I’m steadily working my way through the nation’s 100 favourite books according to World Book Night’s poll in 2011. Find out more about this challenge and check my progress here.
This was a surprise hit for me. It’s a doorstop of a tome, with a few dense, thickly written opening pages that I found distracting. After I became accustomed to the pace, though, I found I couldn’t put it down. It’s about a missionary family who move from Georgia, America to a remote village in the Belgian Congo. The majority of the novel is narrated by the four daughters of the family, Rachel, Leah, Adah and Ruth May, with a few chapters from their mother, Orleanna.
Nathan, the girls’ father, quickly reveals himself to be an unpleasant, emotionally abusive man, rigid in his belief and lacking the human side that made his predecessor in the village such a success. His ignorance of other viewpoints and cultures and his ‘unrighteous dominion’ over his family leads to the gradual breaking apart of the family, and their shunning by the villagers.

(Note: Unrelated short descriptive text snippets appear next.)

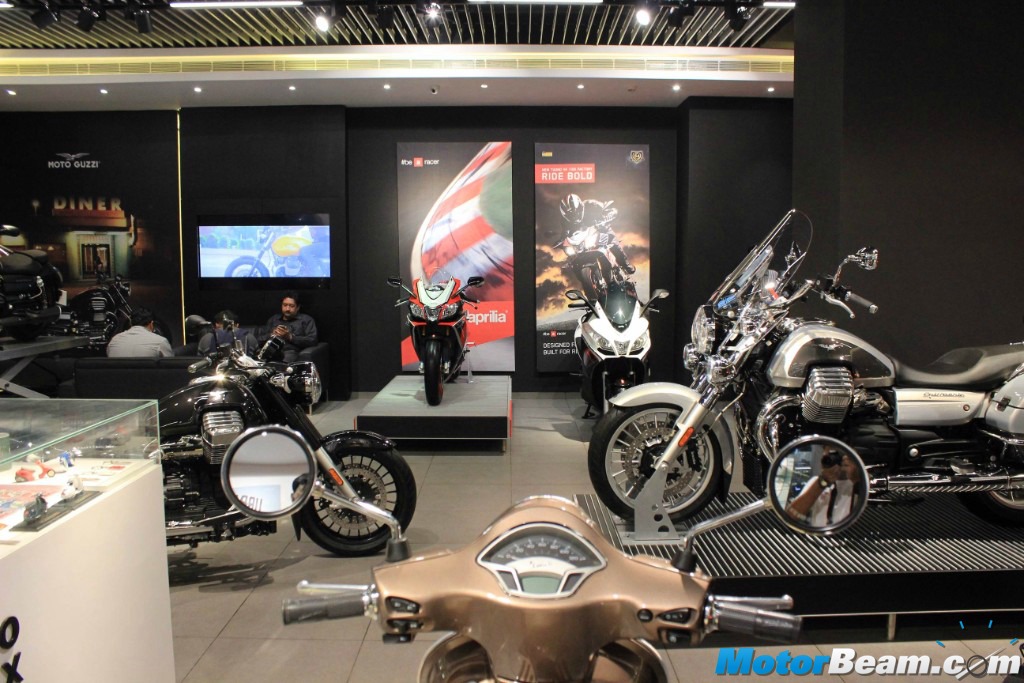 Piaggio Motoplex Store Bikes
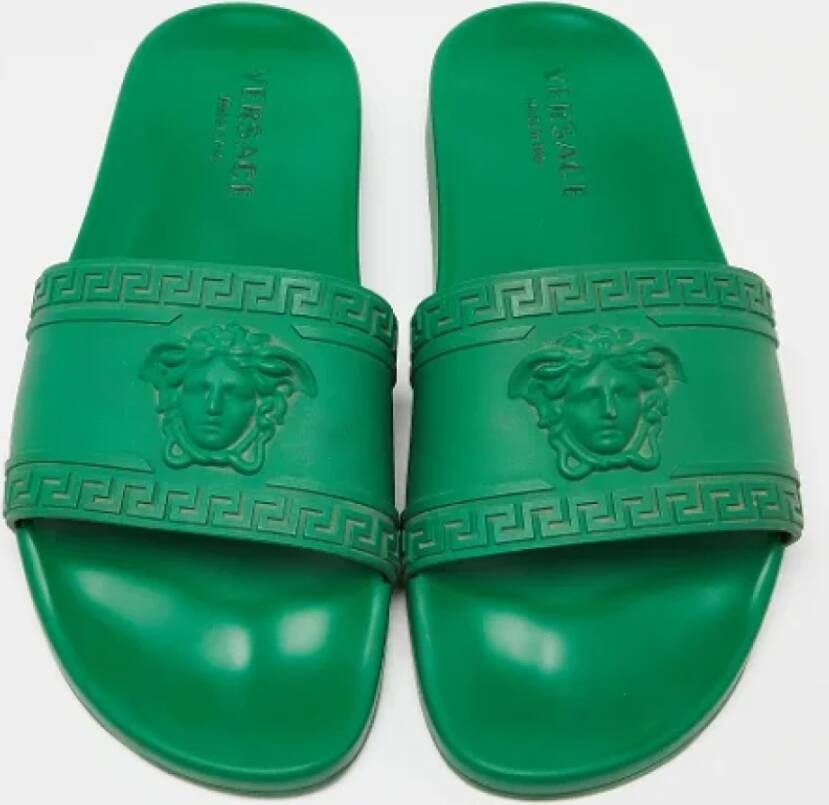 Versace Pre-owned Rubber sandals Green Dames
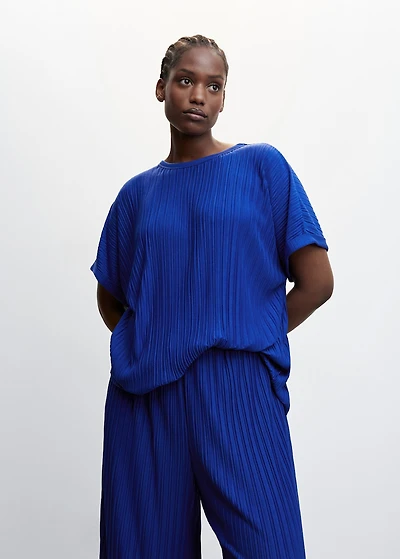 Short-sleeved pleated t-shirt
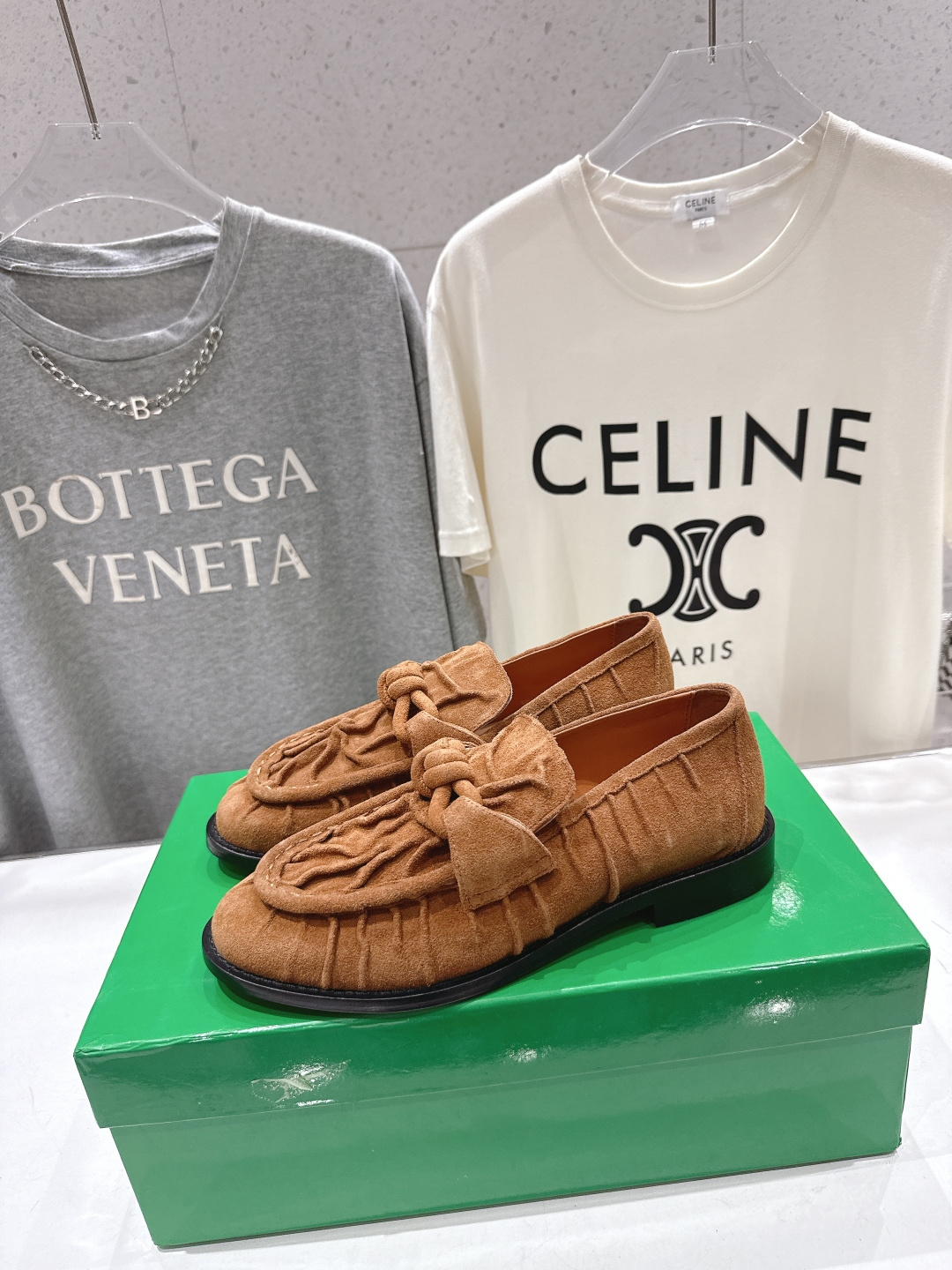 高版本出厂 Bottega Veneta/BV F065 2026ss新款老钱风褶皱皮鎏金扣饰平底乐福鞋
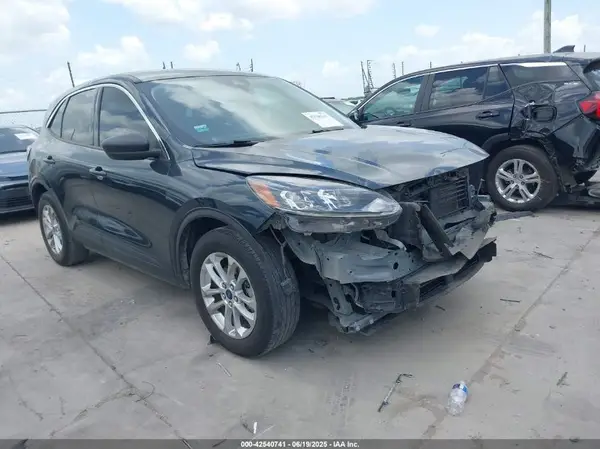 1FMCU0G6XNUB81440 2022 FORD ESCAPE - Image 1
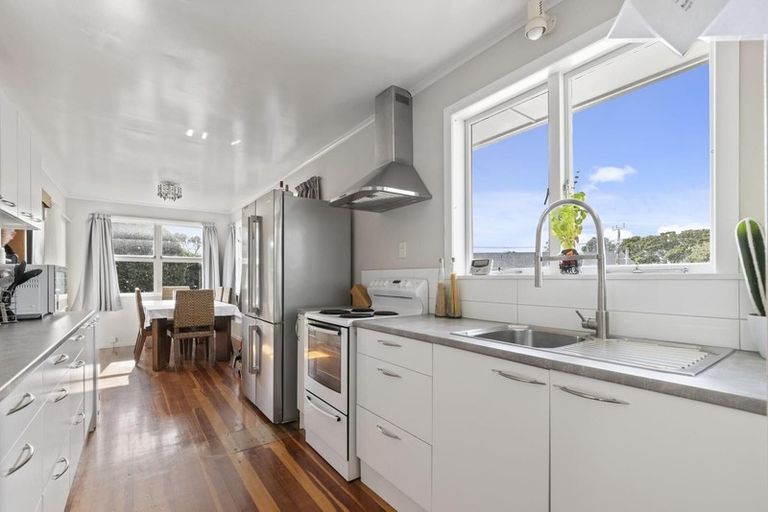 Photo of property in 27 Litten Road, Cockle Bay, Auckland, 2014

It seemed obvious to me that Leah was the centrepiece of the book, the sister that we were meant to identify with the most. Looking back, though, I suspect this might be one of those books where everyone has a different favourite, depending on their characters, in the same way that not everyone’s favourite March sister is Jo! Rachel is flippant, selfish and materialistic; Leah is steady, open minded and thoughtful; Adah is incredibly intelligent and observant; Ruth May is vibrant and adventurous, and lives in the moment. I loved the way we saw the villagers through the girls’ eyes, so at first they appeared outlandish and savage, but in time they developed into individuals with a rich and vibrant culture.
Right now this is my go to book for recommendations. Surprisingly not that many people have read it – I get the impression it was more popular in America than the UK, having featured in Oprah’s book club. If you’re looking for a new, challenging read, then you could definitely do a lot worse than this.